Bound on dimension of tangent space of an affine variety

Question

I've been reading through my notes and the following fact is stated without any proof or justification: For an affine variety $X\subset\mathbb{A}^n$ and a point $p\in X$ we have $$dim_k T_pX\geq dim_p X$$ where $dim_p X$ denotes the local dimension of $X$ at $p$. At first I thought I could use the fact that $dim_k T_pX \geq n-N$ where $N$ is the size of a minimal generating set of the ideal defining $X$, plus Krull's height theorem but the more I think about it the more I convince myself that this is hopeless. Could someone point me towards the right direction?

Answer 1

You are right that this follows from Krull's principal ideal theorem.
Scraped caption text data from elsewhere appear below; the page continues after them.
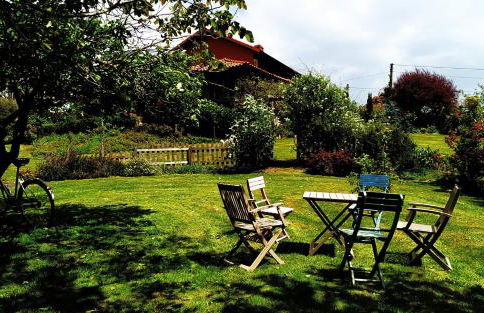 El Pedrueco Turismo Rural - Foto 23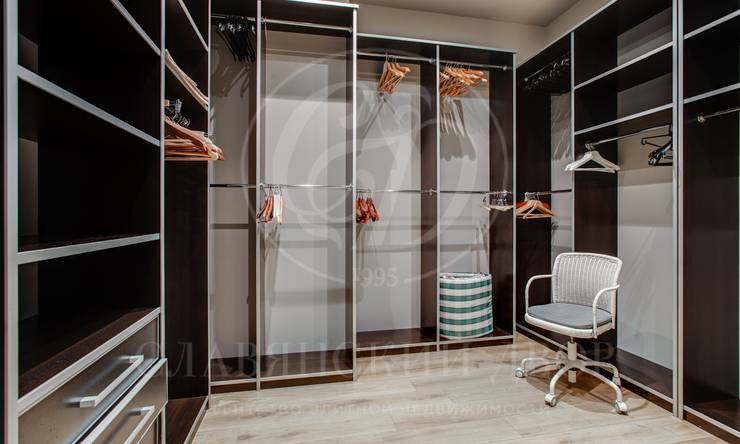 Лот-9707-285023 аренда дома Рублево-Успенское шоссе Знаменское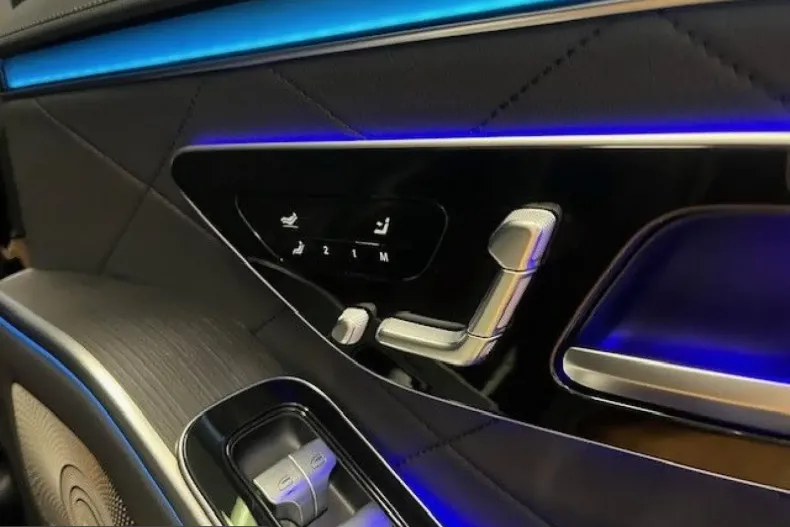 Mercedes-Benz S 580 (Clasa S) din 2023 cu 104.858 km - oferta MER206646 - foto 13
First note that $\dim_k T_pX$ is the minimal number of generators of the maximal ideal $\mathfrak m \subset \mathcal O_{X, p}$, because $T_p X = (\mathfrak m / \mathfrak m^2)^\vee$. Set $d = \dim \mathcal O_{X,p}$. Now by Krull's principal ideal theorem, any ideal $I \subset \mathcal O_{X,p}$ generated by $r$ elements has height at most $r$, so that $$\dim \mathcal O_{x,p} / I \geq d - r$$ Note that then even if $\operatorname{ht}(I) = r$ it could happen that $\dim \mathcal O_{X,p} / I > d - r$, if $X$ is not irreducible. Nevertheless this shows that $\mathfrak m$ cannot be generated by less then $d$ elements, because $\mathcal O_{X,p} / \mathfrak m$ is a field, so that $\dim \mathcal O_{X,p} / \mathfrak m = 0$.